• [SUPPLIED MATERIAL]
==========

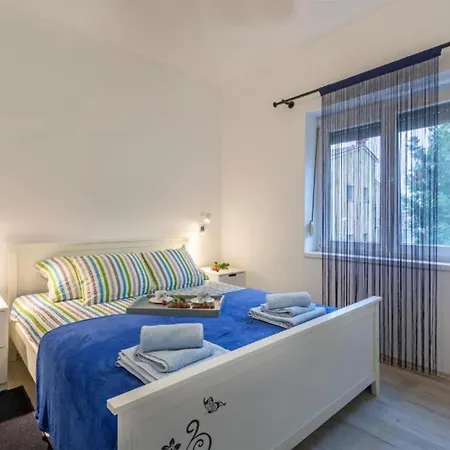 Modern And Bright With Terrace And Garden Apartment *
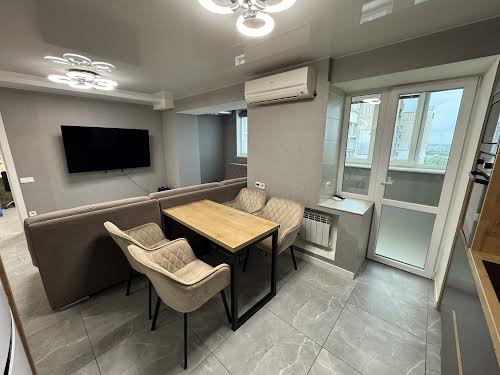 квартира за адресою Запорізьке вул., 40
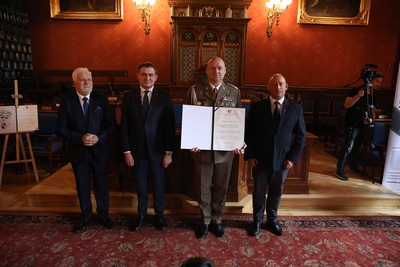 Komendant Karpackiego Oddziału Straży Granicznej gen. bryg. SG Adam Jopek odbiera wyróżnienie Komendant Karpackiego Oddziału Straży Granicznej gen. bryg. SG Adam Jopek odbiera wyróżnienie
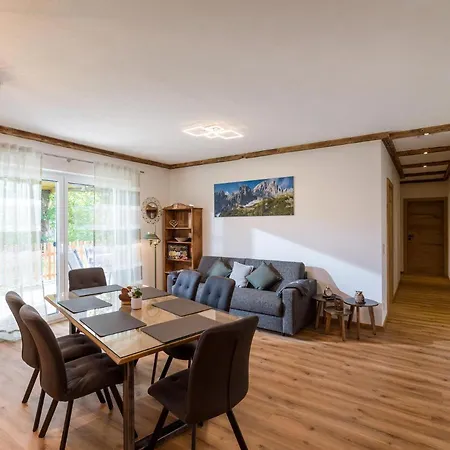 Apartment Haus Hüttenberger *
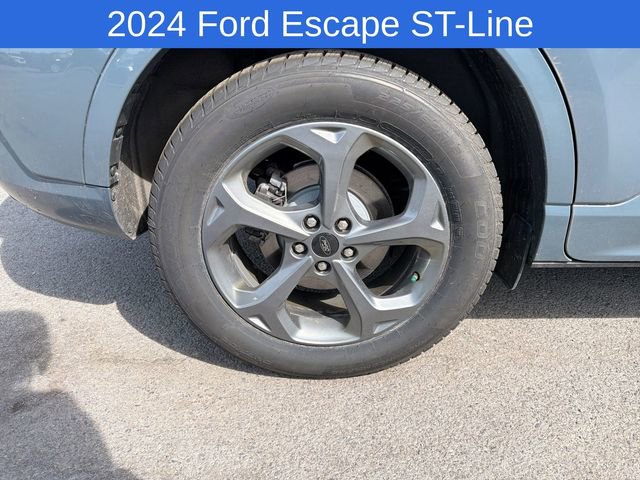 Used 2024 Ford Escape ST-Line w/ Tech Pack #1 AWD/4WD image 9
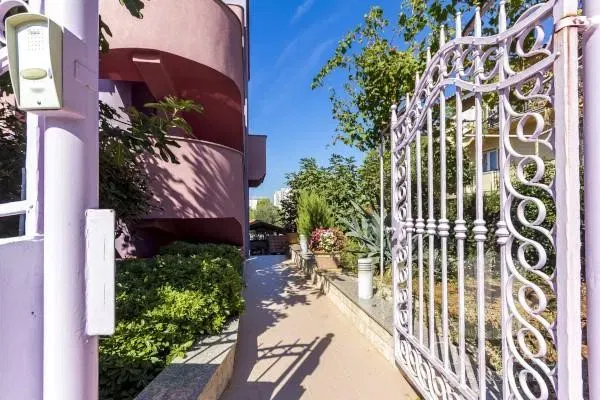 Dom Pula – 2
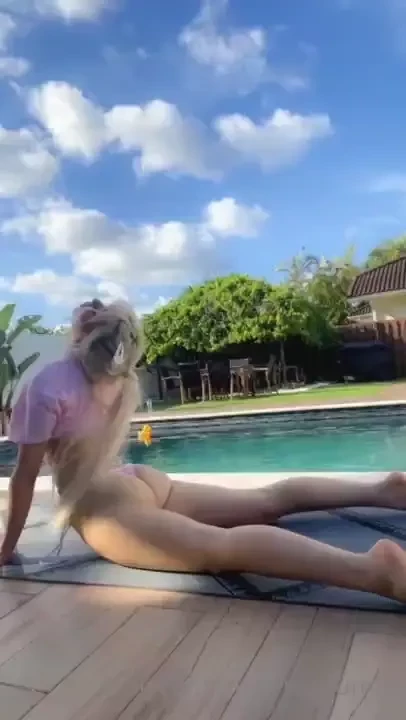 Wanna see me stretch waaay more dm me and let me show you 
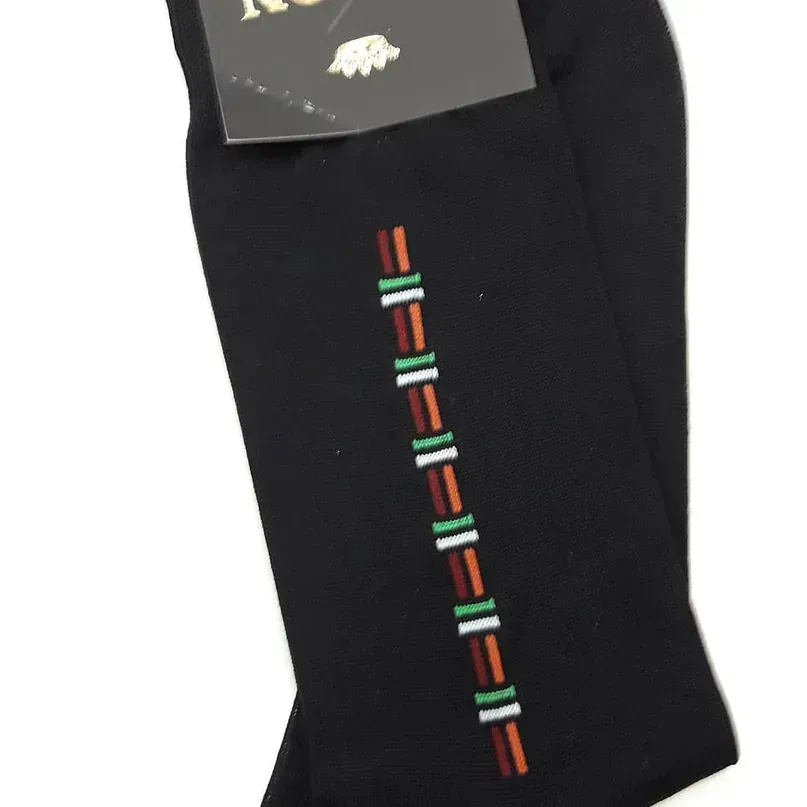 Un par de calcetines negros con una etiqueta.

==========

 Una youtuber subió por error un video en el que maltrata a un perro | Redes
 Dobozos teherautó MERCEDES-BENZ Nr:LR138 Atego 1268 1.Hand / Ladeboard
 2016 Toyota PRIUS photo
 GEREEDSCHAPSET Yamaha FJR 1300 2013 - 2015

==========

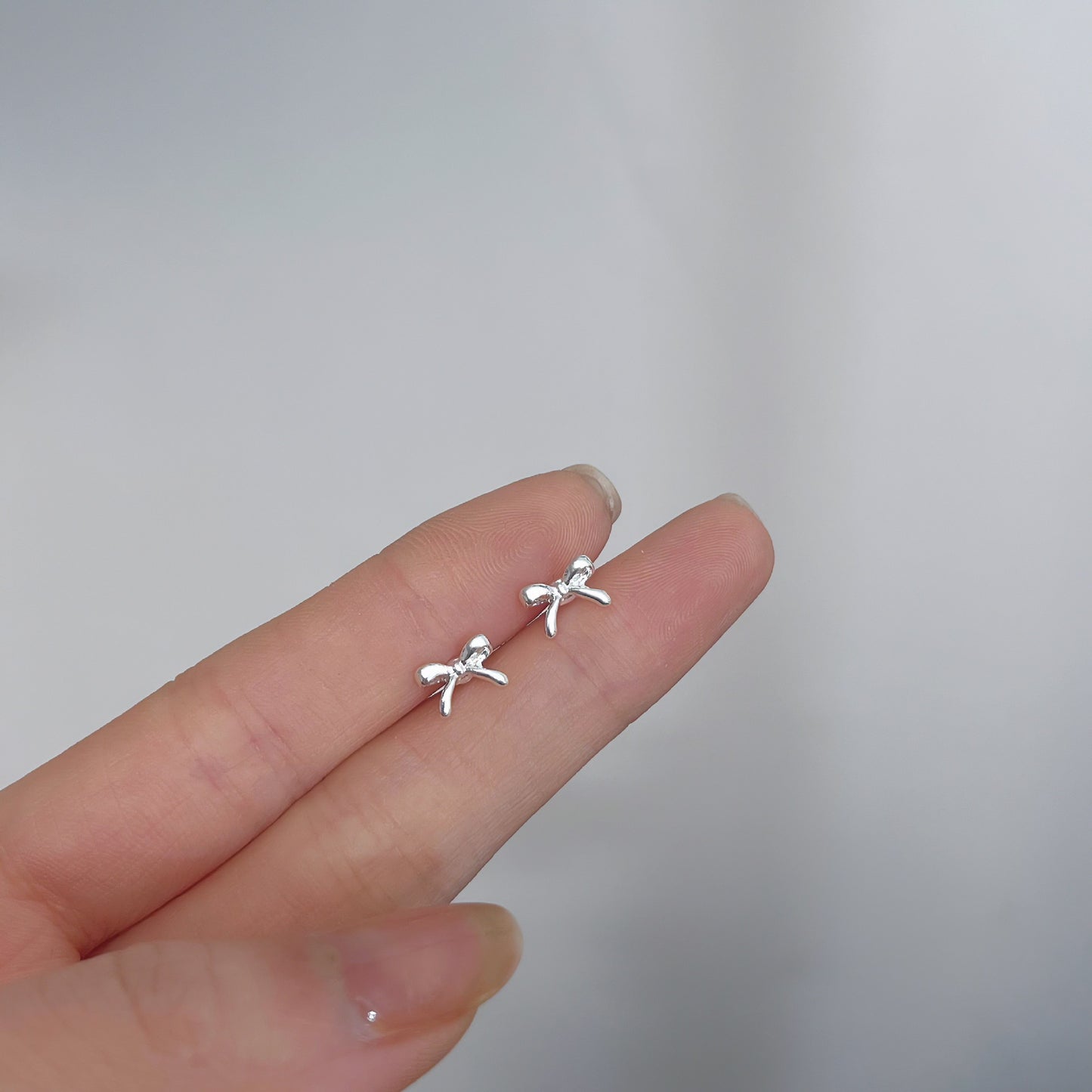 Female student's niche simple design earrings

==========

Transcribe, word for word, the stretch of lines in the data above from the one with "Modern And Bright" through the one with "Un par de calcetines"; omit all pictures.

• [FINISHED TASK]
 Modern And Bright With Terrace And Garden Apartment *
 квартира за адресою Запорізьке вул., 40
 Komendant Karpackiego Oddziału Straży Granicznej gen. bryg. SG Adam Jopek odbiera wyróżnienie Komendant Karpackiego Oddziału Straży Granicznej gen. bryg. SG Adam Jopek odbiera wyróżnienie
 Apartment Haus Hüttenberger *
 Used 2024 Ford Escape ST-Line w/ Tech Pack #1 AWD/4WD image 9
 Dom Pula – 2
 Wanna see me stretch waaay more dm me and let me show you 
 Un par de calcetines negros con una etiqueta.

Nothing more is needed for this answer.